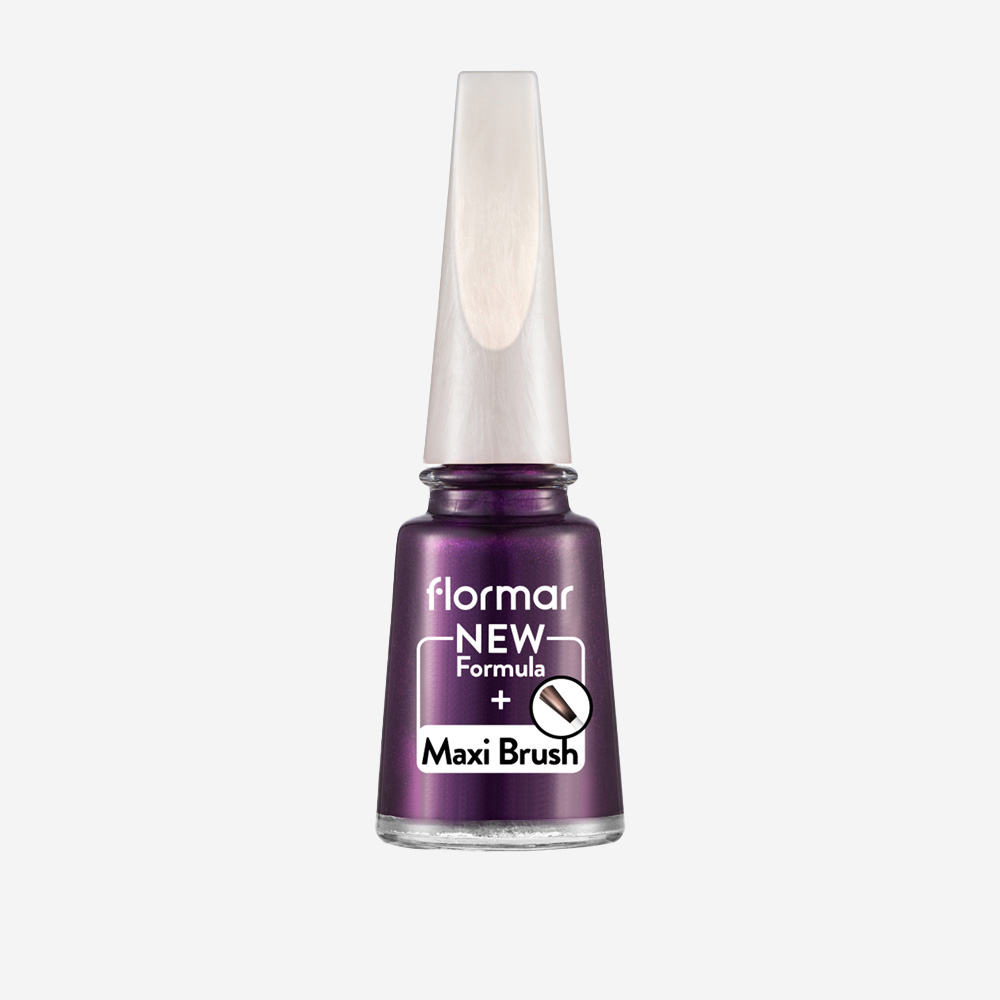 Flormar Pearly Nail Enamel - PL432 Violet Defense -New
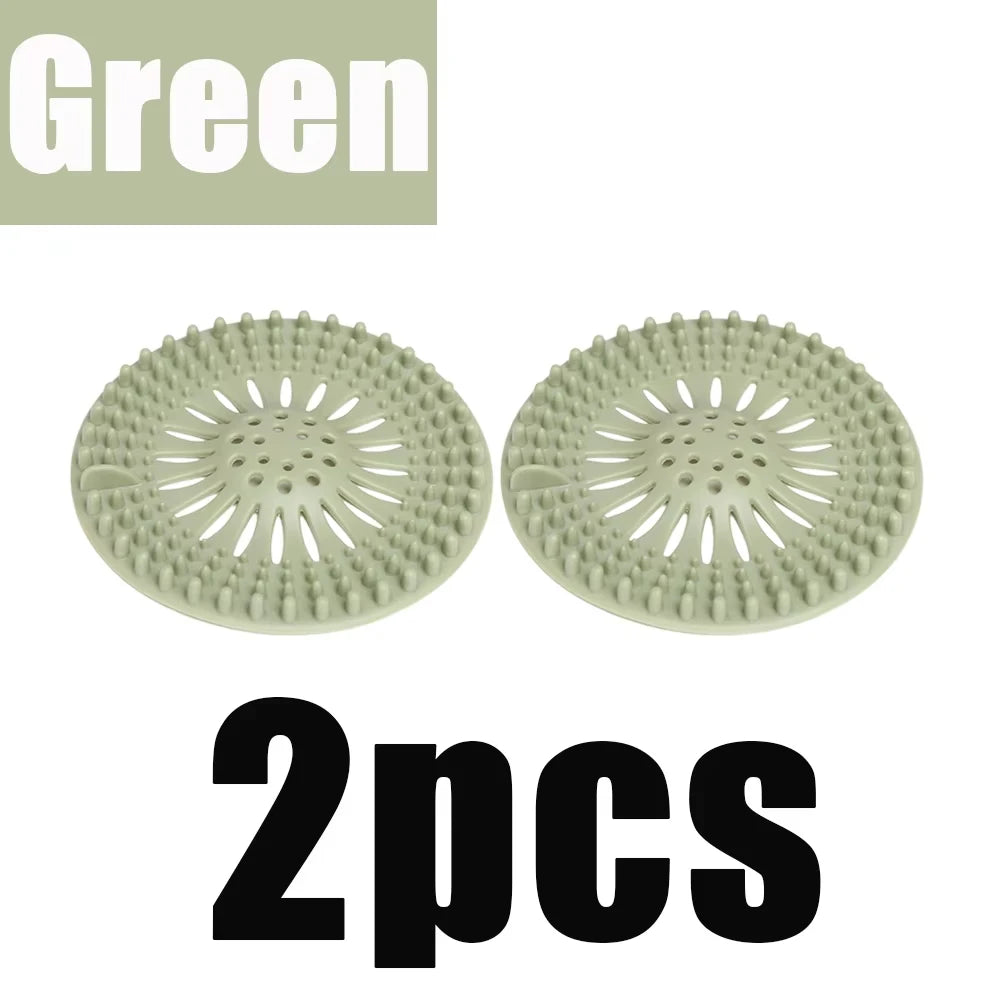 Sink/Tub Hair Trap, Strainer, Deodorizer, Silicone, 1-3 Pieces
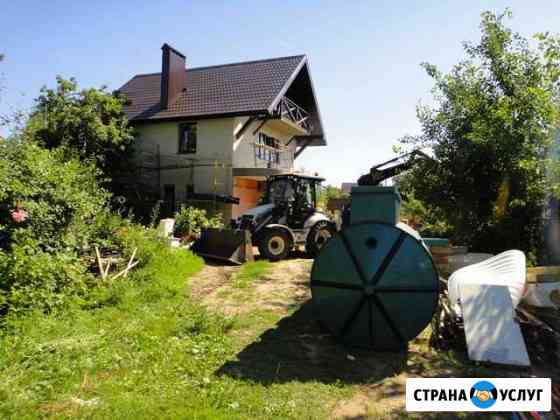 Канализация для частного дома Казань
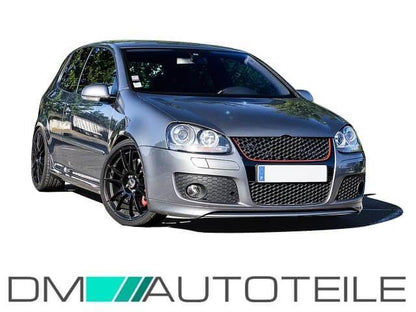 Front Stoßstange Wabengitter ohne Emblem + ZUBEHÖR + ABE passt für VW Golf 5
-- -- --
• **Action item**: From the first line to the last, copy the listing above exactly and leave out the images.

• **Exercise solution**:
 Flormar Pearly Nail Enamel - PL432 Violet Defense -New
 Sink/Tub Hair Trap, Strainer, Deodorizer, Silicone, 1-3 Pieces
 Канализация для частного дома Казань
 Front Stoßstange Wabengitter ohne Emblem + ZUBEHÖR + ABE passt für VW Golf 5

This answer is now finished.